Tuesday, July 05, 2011

Williams calls NCLB request a "farce,"

This pure horse hockey from David Williams on CN/2's Pure Politics:
Republican Senate President David Williams rarely misses a chance to criticize Democratic Gov. Steve Beshear, especially on education issues.

The two are facing off in the fall governor’s race.

Williams latest criticism of Beshear is for a request he made for an exemption to the federal No Child Left Behind law.

In his request [supported by KSBA and KASS] with Kentucky’s Education Commissioner Terry Holliday, Beshear asked the U.S. Department of Education to exempt the state from the testing accountability portions of the federal law. Instead, Beshear wants Kentucky’s own system to be used when the state is graded under NCLB standards.
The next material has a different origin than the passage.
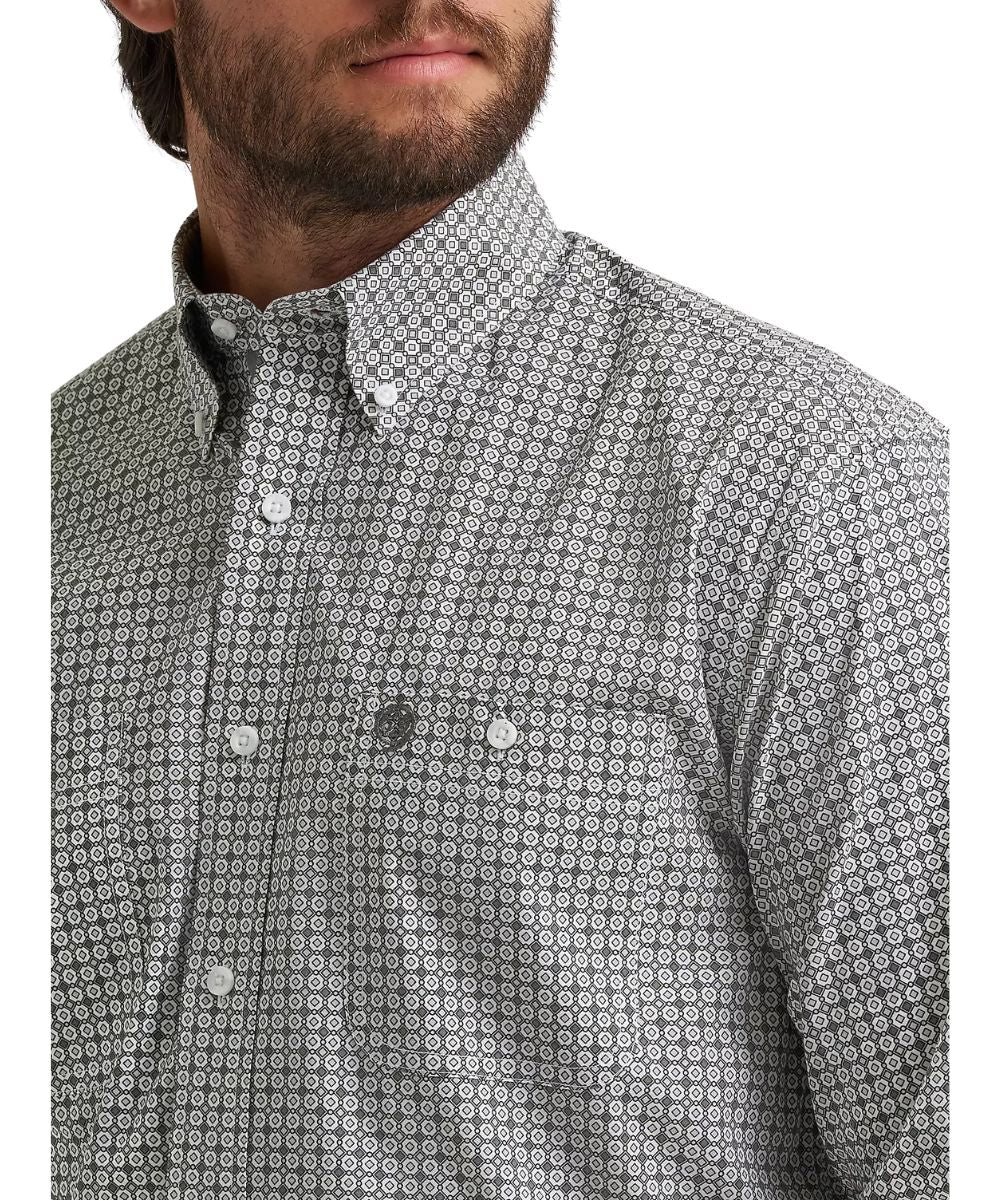 Close-up view of the grey board printed shirt featuring button-through chest pockets and a button-down collar.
But Williams called the request a “farce,” because the state has yet to fully develop it’s own accountability system after scrapping the previous system. Because a system is not yet in place, Williams accused Beshear of playing politics with education.
Williams did not mention that a quickly growing number of states are following Beshear's leadership on the issue: Idaho, South Dakota, now Tennessee and more to come....stay tuned.

But Williams claims, "Gov Beshear is attempting to cover up his very dismal record..." 

That record not only includes repeated efforts (nine) to spare Kentucky education from the kinds of deep cuts that other state's children have had to endure, but netted Beshear the title "America’s Greatest Education Governor" from the NEA Sunday. The annual award recognizes governors who have made “major, state-level strides” to improve public schools. NEA President Dennis Van Roekel said Beshear has shown unwavering support for students and educators.

But Williams is going to criticize Beshear no matter what he does. Williams knows very well [wasn't he the sponsor of Senate Bill 1?] that the state's new assessment system is still in development. Many of the national standards are set and more are in development. But there's no particular problem assoicated with figuring out how one's accountability system will work, before the actual test is complete. Beshear is seeking the kind of state control Republicans say they support, unless of course, it's an election year.

Williams also claims that Beshear is against "the sort of interventions we know are necessary to improve education in the state." He included two examples: Beshear's opposition to Williams's neighborhood school bill which would resegregate schools in Louisville, much as is occurring in Wake County, NC, and voluntary charter schools. I support limited use of charter schools but would never go so far as to claim they are a cure for anything beyond a few site-specific cases where long-term efforts have not produced results. Citing charters as a broad solution for Kentucky schools is simply not supported by evidence. But Williams knows that in politics, one need not always be correct if what one says confirms a constituency's biases.

Holliday deferred when asked about Williams comments, saying he wasn’t a politician. But the commissioner said he doesn’t believe Kentucky is at any disadvantage in its request, despite not having its own standards set in stone yet.

Instead, Holliday said Kentucky’s push is similar to other states who want standards set at the state level.